DATASET ENTRIES
>>>>>

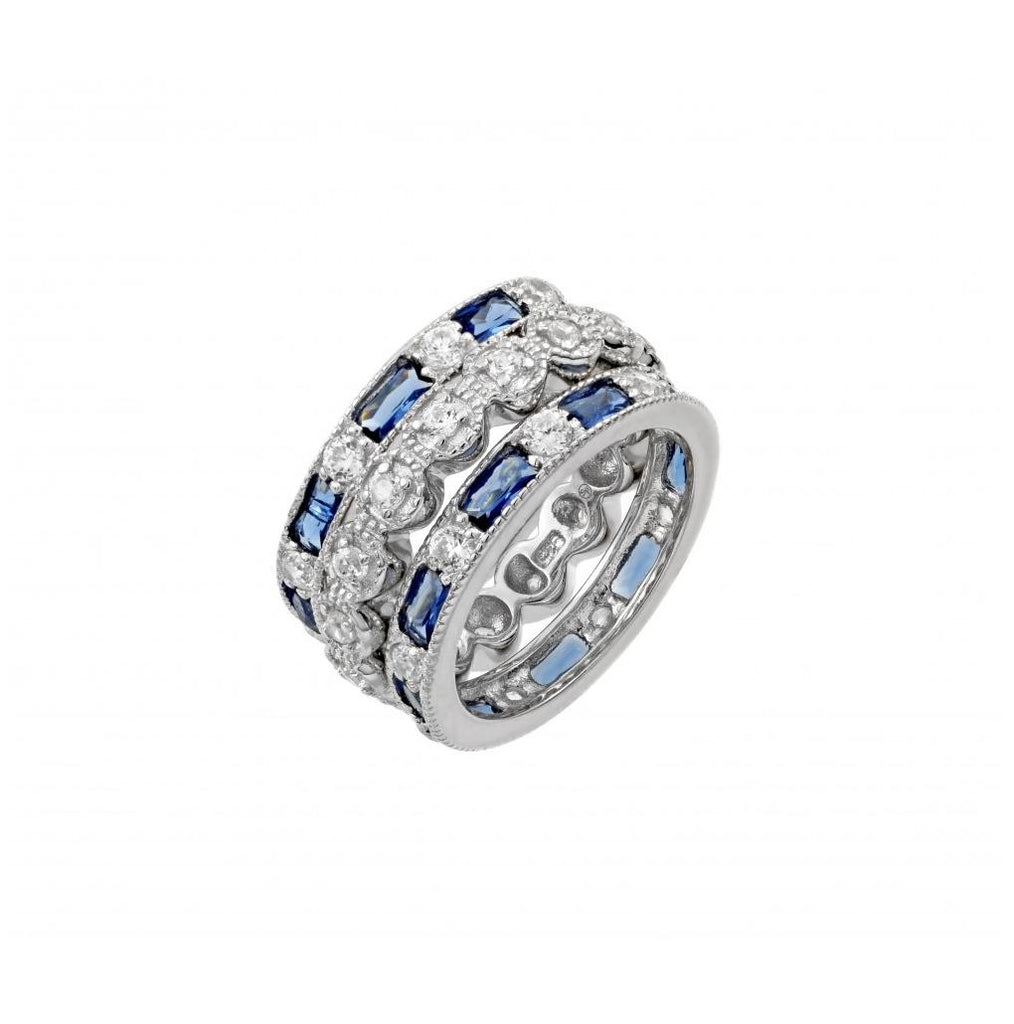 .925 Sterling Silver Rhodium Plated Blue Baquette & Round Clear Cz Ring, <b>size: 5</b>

<<<<<
>>>>>

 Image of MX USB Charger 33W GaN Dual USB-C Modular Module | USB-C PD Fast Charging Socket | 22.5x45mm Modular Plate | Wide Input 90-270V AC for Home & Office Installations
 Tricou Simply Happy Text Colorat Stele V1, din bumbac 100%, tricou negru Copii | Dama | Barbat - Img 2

<<<<<

WORK ORDER
Retype exactly the span of lines from the one with "Image of MX" through the one with "Tricou Simply Happy"; include both ends and omit the rest of the material.

COMPLETED EXERCISE
 Image of MX USB Charger 33W GaN Dual USB-C Modular Module | USB-C PD Fast Charging Socket | 22.5x45mm Modular Plate | Wide Input 90-270V AC for Home & Office Installations
 Tricou Simply Happy Text Colorat Stele V1, din bumbac 100%, tricou negru Copii | Dama | Barbat - Img 2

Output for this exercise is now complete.